Wednesday, March 19, 2014

Dust bunnies

When you blow out a candle, the air moves fastest and strongest close to your mouth, but farther away the puff fans out and, because it is pushing a bigger volume of air, weakens and dissipates. So you have no problem extinguishing a candle from a foot away, but across the table the flame hardly flickers.

I am informed that most household dust is not tracked in (though the front hallway testifies to the contrary), but is made of dead skin cells that flake off and dry out and are carried by the breeze, or the detritus left by the mites that eat the cells. They are small enough that some are able to sift through the weave of the fabric in the sheets and mattress fabric, and collect under the bed. Since we spend about a third of our time in bed, I'd expect that under the bed would be the most concentrated collection of dust--but it seems not to be so. Perhaps because we don't move so much, and don't rub off so much dead skin when snoring as when walking about. Or perhaps a lot of dead cells accumulate, stuck by residual oils to the mattress stuffing. Pillows get heavier with age, perhaps mattresses do too.

What seems completely unintuitive is the accumulation under dressers. Things can't fall through the wood. Probably dust, once it hits a collection, tends to stick. Then as the airborne dust whirls through the air some puff of breeze from passing feet will push it under the dresser. Of course the air pushed in will have to push other air out, but thanks to the dissipation I mentioned in the first paragraph, that will be weaker. Once under there, dust is more likely to fall undisturbed and clump.

Which seems a plausible reason for why the dust bunnies look like Harvey.

On the other hand Dave Barry claimed that men are biologically incapable of seeing dirt until it accumulates in quantities sufficient to sustain agriculture.

Pick your reason.

Economic predictions

"Come," they say, "let us get wine, and let us drink heavily of strong drink; And tomorrow will be like today, only more so."

Tuesday, March 18, 2014

BICEP2

I am trying to understand the details myself. If you want hairy details, look here, here (Lubos has a guest poster), or here or here for a little more on how reliable it looks. Or have a crack at the paper yourself--I haven't finished it yet.

The coolest of the pictures show what look like twists. That's what they are. Light, being oscillating electric and magnetic fields, has a direction for the electric field and another for the magnetic field. Most of the time the directions in a collection of light are random, but you can get polarized light from particular sources, or by blocking out the polarization you don't want, and some more exotic ways.

The twists in those pictures...

You remember waves in the sea, and up and down waves on a slinky, and pressure waves along the slinky. In physics class you may have been introduced to "twisting waves" in a rod--you can't quite get those to propagate along the slinky--and not in the ocean or the air at all.

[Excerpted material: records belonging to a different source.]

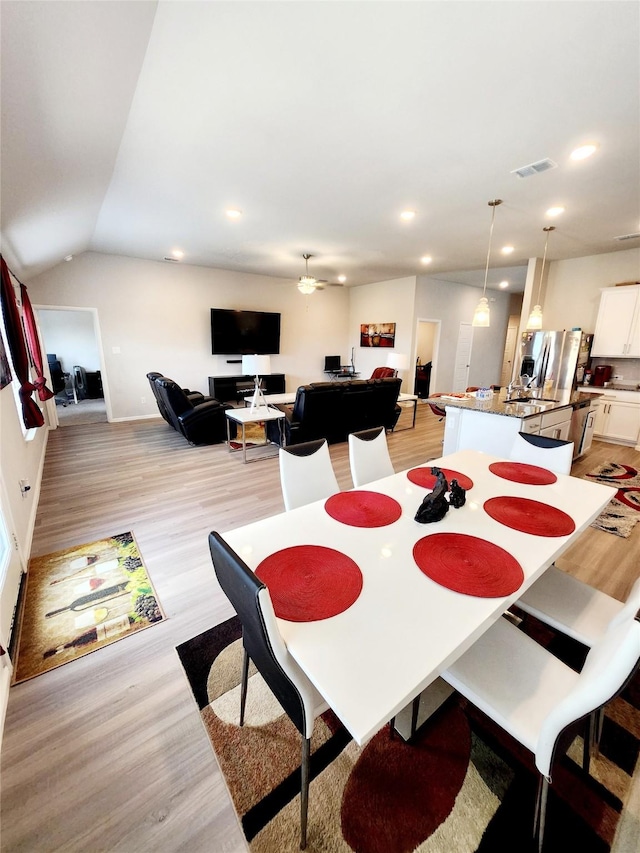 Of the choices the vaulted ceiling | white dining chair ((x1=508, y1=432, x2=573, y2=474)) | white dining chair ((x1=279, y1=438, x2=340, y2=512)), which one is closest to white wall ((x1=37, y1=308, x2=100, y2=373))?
the vaulted ceiling

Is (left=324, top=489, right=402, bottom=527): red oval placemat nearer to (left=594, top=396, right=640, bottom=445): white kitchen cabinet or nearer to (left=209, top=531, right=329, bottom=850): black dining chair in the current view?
(left=209, top=531, right=329, bottom=850): black dining chair

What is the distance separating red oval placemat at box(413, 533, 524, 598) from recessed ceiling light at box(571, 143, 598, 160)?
3.00 meters

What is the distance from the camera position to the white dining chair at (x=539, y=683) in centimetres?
81

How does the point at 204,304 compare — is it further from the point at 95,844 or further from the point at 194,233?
the point at 95,844

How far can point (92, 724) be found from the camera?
4.55 feet

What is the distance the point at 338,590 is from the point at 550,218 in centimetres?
474

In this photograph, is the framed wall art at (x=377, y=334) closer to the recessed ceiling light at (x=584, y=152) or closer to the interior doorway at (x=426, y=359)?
the interior doorway at (x=426, y=359)

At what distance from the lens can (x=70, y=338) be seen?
824cm

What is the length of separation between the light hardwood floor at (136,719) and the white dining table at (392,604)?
2.61ft

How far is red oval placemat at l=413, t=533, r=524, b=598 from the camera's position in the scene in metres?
1.12

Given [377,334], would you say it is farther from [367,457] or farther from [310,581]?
[310,581]

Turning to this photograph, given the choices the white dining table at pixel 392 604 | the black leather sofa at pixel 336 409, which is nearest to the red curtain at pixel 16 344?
the black leather sofa at pixel 336 409

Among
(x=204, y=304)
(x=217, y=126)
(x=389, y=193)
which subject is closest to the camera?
(x=217, y=126)

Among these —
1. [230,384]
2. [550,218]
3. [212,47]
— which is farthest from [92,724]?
[230,384] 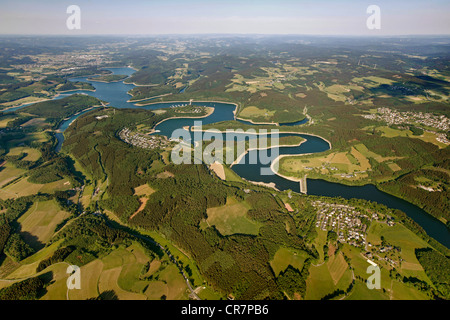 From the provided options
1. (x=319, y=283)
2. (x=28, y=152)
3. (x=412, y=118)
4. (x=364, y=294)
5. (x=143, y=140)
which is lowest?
(x=364, y=294)


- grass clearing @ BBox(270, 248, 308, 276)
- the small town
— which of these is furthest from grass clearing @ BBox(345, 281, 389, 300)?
the small town

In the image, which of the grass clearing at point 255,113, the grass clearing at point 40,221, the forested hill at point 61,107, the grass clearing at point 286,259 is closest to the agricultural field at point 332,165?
the grass clearing at point 286,259

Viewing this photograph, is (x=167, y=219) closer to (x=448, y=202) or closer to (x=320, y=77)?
(x=448, y=202)

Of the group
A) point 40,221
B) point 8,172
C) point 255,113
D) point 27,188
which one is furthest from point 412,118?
point 8,172

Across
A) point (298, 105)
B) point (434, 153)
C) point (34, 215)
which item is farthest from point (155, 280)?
point (298, 105)

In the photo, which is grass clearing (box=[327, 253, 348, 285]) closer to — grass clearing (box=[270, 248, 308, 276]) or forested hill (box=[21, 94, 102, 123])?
grass clearing (box=[270, 248, 308, 276])

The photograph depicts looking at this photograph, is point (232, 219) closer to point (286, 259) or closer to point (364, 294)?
point (286, 259) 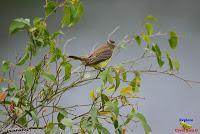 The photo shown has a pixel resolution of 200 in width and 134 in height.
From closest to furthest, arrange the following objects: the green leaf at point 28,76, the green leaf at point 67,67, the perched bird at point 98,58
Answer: the green leaf at point 28,76, the green leaf at point 67,67, the perched bird at point 98,58

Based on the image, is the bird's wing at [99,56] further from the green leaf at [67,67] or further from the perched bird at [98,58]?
the green leaf at [67,67]

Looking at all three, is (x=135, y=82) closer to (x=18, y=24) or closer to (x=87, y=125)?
(x=87, y=125)

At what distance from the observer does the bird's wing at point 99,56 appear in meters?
1.08

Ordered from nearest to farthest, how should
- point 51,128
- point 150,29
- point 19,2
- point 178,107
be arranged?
point 51,128 → point 150,29 → point 178,107 → point 19,2

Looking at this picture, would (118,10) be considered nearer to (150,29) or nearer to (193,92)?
(193,92)

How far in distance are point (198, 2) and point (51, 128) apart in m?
1.92

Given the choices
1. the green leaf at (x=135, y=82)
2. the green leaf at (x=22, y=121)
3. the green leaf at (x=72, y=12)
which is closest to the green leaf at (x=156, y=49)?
the green leaf at (x=135, y=82)

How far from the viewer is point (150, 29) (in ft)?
3.01

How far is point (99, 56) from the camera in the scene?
112 centimetres

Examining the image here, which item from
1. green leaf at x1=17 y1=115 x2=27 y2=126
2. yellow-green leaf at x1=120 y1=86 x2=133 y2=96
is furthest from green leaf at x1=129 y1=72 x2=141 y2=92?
green leaf at x1=17 y1=115 x2=27 y2=126

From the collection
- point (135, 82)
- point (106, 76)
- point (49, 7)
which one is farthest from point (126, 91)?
point (49, 7)

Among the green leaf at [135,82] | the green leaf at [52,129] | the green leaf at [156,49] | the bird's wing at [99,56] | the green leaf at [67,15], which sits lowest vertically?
the green leaf at [52,129]

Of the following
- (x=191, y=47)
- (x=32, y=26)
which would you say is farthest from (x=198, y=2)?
(x=32, y=26)

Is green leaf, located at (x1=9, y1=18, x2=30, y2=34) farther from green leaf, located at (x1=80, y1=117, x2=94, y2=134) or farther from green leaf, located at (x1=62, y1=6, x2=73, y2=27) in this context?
green leaf, located at (x1=80, y1=117, x2=94, y2=134)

But gravity waves are different, and they can be "twisty" Please follow that link for the picture to see what a twisty wave can look like.. If, as looks more and more likely, the universe grew from a big bang, even relatively small fluctuations early on should leave some kind of imprint. Unless they've made some mistakes, they're looking at the impress of gravity waves on the universe very early on. (The pictures represent a small section of the sky.)

If this pans out, it is probably Nobel material.

Saturday, March 15, 2014

To be fair

The old line goes "Those who can, do; those who can't, teach; those who can neither do nor teach become critics." Which isn't fair to some of the excellent teachers I've known, but it's the critic aspect I need to reflect on.

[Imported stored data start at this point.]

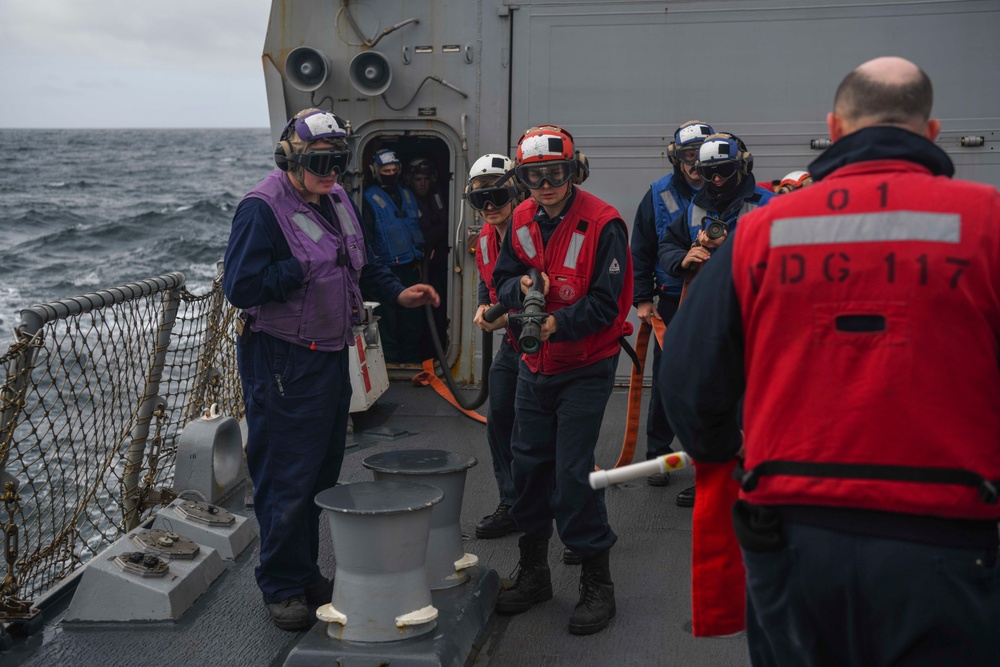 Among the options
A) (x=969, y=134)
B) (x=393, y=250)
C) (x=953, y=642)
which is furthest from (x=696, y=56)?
(x=953, y=642)

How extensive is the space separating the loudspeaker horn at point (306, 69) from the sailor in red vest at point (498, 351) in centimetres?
293

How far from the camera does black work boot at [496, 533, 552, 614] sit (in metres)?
4.30

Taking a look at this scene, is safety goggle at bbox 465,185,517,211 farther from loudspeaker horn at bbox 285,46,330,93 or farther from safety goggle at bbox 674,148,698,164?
loudspeaker horn at bbox 285,46,330,93

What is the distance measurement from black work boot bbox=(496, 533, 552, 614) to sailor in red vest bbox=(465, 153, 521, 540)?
0.42m

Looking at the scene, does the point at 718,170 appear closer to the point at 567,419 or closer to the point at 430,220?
the point at 567,419

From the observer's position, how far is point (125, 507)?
5305 mm

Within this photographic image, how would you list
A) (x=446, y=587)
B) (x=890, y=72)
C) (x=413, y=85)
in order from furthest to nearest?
(x=413, y=85), (x=446, y=587), (x=890, y=72)

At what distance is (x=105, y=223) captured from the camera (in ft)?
109

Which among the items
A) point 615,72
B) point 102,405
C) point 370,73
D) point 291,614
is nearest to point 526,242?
point 291,614

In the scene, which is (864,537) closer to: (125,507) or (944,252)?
(944,252)

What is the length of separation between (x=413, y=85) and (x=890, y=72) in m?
6.28

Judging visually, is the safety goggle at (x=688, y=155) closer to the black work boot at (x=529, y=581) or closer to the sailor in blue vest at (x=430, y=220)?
the black work boot at (x=529, y=581)

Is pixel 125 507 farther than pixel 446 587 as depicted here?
Yes

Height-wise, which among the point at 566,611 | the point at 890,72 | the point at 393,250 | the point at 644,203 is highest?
the point at 890,72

I've tried from time to time to to walk back some science headlines and see what the story was, and try to explain the results (I hope) more clearly or accurately. I try to add a little value by pointing out some of the bigger picture, or some of the caveats.

Sometimes this is an hour's work--with more complicated ones it can be a little more.

Easy.

Much easier than writing the paper in the first place. I'm trying to put together a simple limit on dark matter cross sections during my copious free time. Background research alone has been over 20 hours. The back of the envelope calculation that inspired it only required an hour to get the preliminary info and code an estimate, but doing it right will take a good deal longer. And then I have to run it by somebody to see if I did anything dumb. I'll be lucky to have it see the light of day by June. And I'm just piggybacking on public data, not running my own experiment.

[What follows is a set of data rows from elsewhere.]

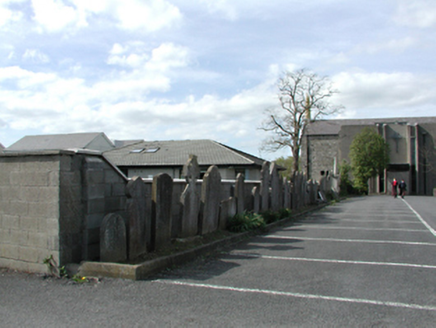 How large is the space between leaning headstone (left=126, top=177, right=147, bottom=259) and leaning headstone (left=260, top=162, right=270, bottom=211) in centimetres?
734

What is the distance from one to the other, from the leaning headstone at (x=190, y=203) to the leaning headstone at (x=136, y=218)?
63.7 inches

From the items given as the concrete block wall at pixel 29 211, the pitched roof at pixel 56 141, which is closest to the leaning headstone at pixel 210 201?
the concrete block wall at pixel 29 211

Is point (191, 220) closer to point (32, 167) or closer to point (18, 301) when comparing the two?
point (32, 167)

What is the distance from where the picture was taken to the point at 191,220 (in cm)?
856

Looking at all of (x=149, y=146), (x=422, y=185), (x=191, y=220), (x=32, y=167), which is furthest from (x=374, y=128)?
(x=32, y=167)

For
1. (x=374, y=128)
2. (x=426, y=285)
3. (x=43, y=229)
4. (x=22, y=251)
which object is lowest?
(x=426, y=285)

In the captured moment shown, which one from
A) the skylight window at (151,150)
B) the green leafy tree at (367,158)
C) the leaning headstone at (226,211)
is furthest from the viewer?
the green leafy tree at (367,158)

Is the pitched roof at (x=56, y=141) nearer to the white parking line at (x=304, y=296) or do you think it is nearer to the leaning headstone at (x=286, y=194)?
the leaning headstone at (x=286, y=194)

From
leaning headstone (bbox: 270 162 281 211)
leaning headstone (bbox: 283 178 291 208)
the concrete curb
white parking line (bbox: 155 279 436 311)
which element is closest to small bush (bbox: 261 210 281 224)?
leaning headstone (bbox: 270 162 281 211)

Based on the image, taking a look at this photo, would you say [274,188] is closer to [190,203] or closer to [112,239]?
[190,203]

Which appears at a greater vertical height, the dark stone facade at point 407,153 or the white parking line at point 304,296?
the dark stone facade at point 407,153

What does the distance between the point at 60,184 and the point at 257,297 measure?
10.6 ft

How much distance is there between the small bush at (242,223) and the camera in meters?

There are several orders of magnitude of difference between the effort of doing research and the effort of blogging about it.

Multiple meanings

The ad headline announced "Eye-catching frames" beside a picture of an eye-catching woman wearing glasses. Since earlier I had been fumbling one-handed to put on sunglasses while driving, with memorable effect, I read the headline a little differently than intended.

Thursday, March 13, 2014

High voltage power lines

The BBC reports that a team of researchers says that high voltage power lines produce UV flashes which most animals can see, and surmise that this can discourage animals from coming near the lines.
"It has always been assumed that power lines - masts and the cables strung between them - were passive structures standing immobile in the terrain, and therefore inoffensive for animals," said Dr Tyler.

"As a result of this work, we now consider them as chains of flashing light stretching across the tundra in the winter darkness, and that's why the animals find them so offensive."

The random and unpredictable nature of these flashes were particularly problematic, he added, as the animals could not easily adapt to them.

Apparently reindeer avoid the structures: "The animals keep as much as 5km (3 miles) from either side of the cables."

Do they avoid them in the daytime too? Corona flashes can be startling at night, but we generally had to turn out the lights and get dark-adjusted when trying to figure out where the discharge was. (Grad students peering in the dark close to a frame covered in 6000V wires, looking for slowing spots--what could go wrong?)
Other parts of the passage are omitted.